Under this line sits a listing. Repeat exactly and only its lines from the one holding "A vintage Oster" through the one holding "Plate of chocolate"; skip pictures.

Records for this task
......

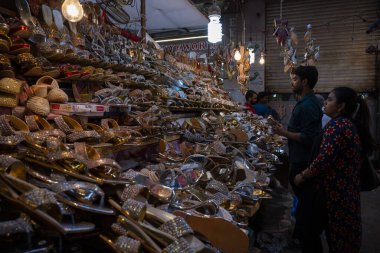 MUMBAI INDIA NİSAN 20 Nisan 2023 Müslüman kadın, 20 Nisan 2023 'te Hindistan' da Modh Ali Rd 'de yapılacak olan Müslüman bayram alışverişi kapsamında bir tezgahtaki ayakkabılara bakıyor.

......

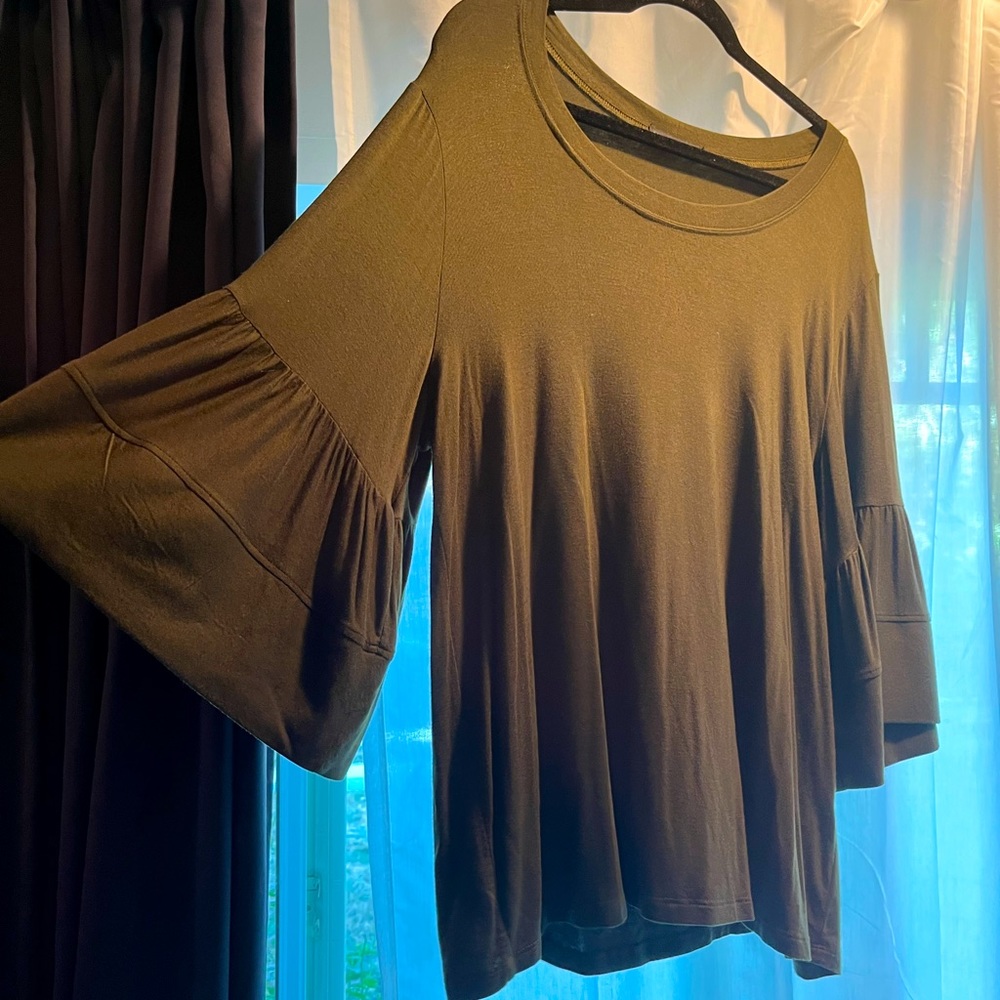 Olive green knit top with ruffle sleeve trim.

......

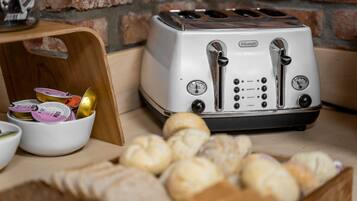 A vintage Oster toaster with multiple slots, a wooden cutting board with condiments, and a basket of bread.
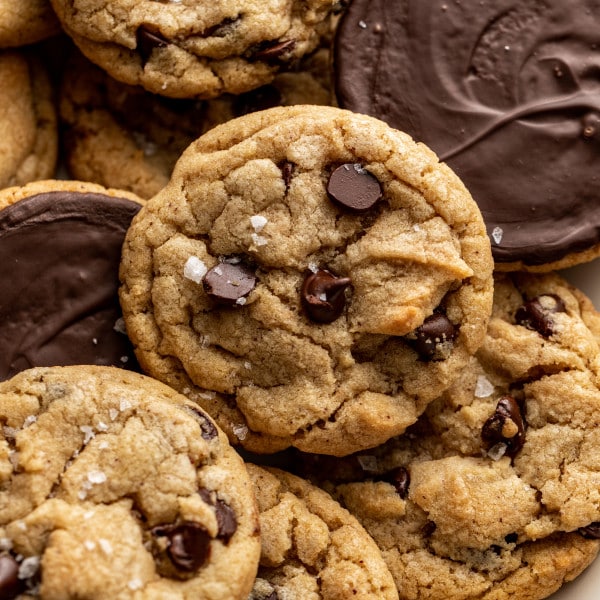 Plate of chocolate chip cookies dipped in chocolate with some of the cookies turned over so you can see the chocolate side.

......

Exercise solution
 A vintage Oster toaster with multiple slots, a wooden cutting board with condiments, and a basket of bread.
 Plate of chocolate chip cookies dipped in chocolate with some of the cookies turned over so you can see the chocolate side.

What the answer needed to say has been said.